EXERCISE MATERIAL Start Marker

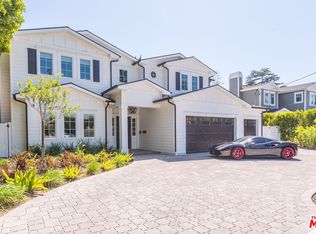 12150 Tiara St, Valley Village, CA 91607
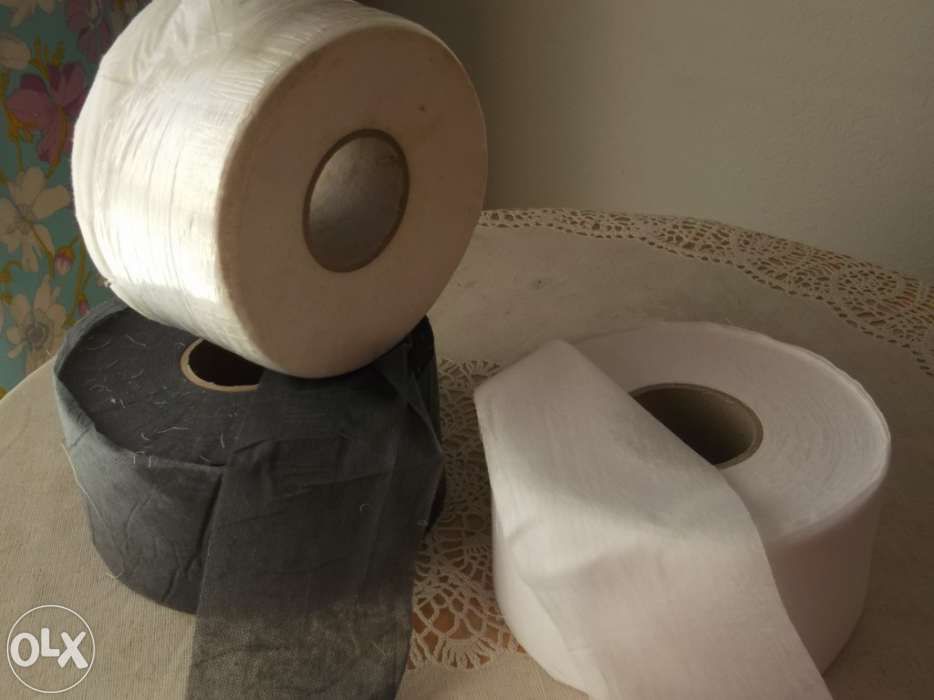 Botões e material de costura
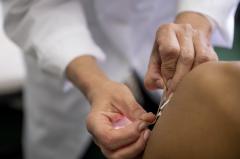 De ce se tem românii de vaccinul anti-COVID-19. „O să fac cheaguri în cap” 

EXERCISE MATERIAL End Marker
EXERCISE MATERIAL Start Marker

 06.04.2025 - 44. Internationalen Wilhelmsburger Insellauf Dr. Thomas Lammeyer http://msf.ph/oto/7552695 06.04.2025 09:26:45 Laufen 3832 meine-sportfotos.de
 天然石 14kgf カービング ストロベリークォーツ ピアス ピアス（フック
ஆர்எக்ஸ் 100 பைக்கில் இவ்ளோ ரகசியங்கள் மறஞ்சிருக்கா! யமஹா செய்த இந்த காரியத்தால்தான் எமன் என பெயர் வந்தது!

EXERCISE MATERIAL End Marker
EXERCISE MATERIAL Start Marker

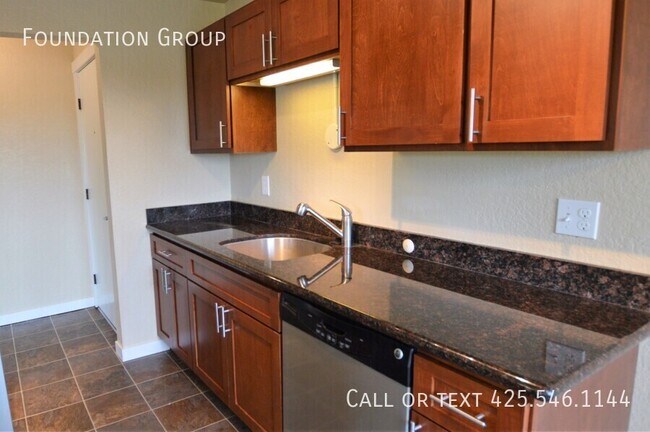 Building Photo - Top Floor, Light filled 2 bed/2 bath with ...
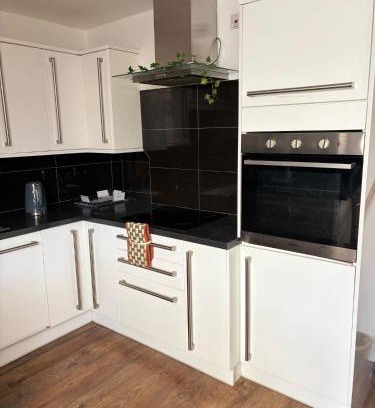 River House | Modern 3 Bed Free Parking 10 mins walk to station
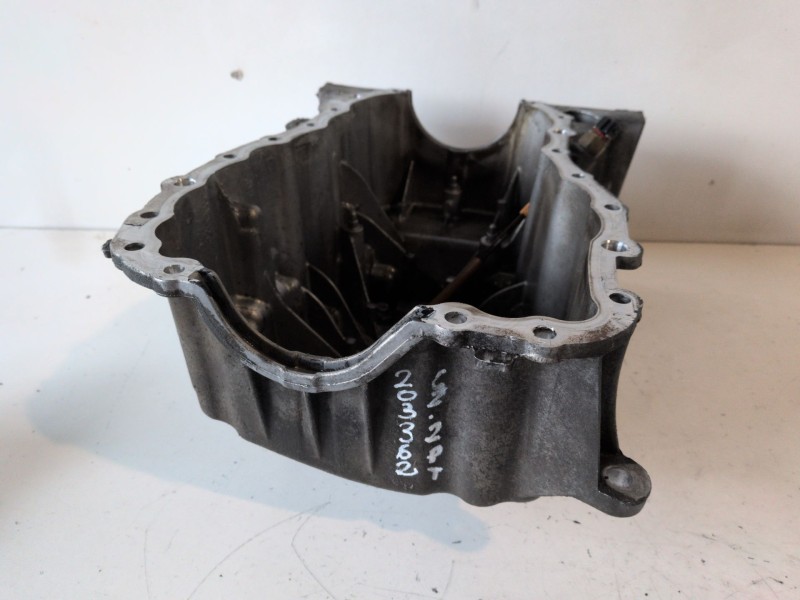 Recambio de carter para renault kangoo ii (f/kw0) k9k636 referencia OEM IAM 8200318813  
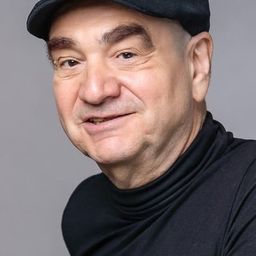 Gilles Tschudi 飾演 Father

EXERCISE MATERIAL End Marker

• _PROBLEM TO WORK ON_
Which part of the entries opens with the line containing "12150 Tiara St, Valley Village, CA 91607" and closes with the line containing "De ce se tem"? Output that part exactly, ends included, pictures excluded.

• _EXERCISE OUTPUT_
 12150 Tiara St, Valley Village, CA 91607
 Botões e material de costura
 De ce se tem românii de vaccinul anti-COVID-19. „O să fac cheaguri în cap” 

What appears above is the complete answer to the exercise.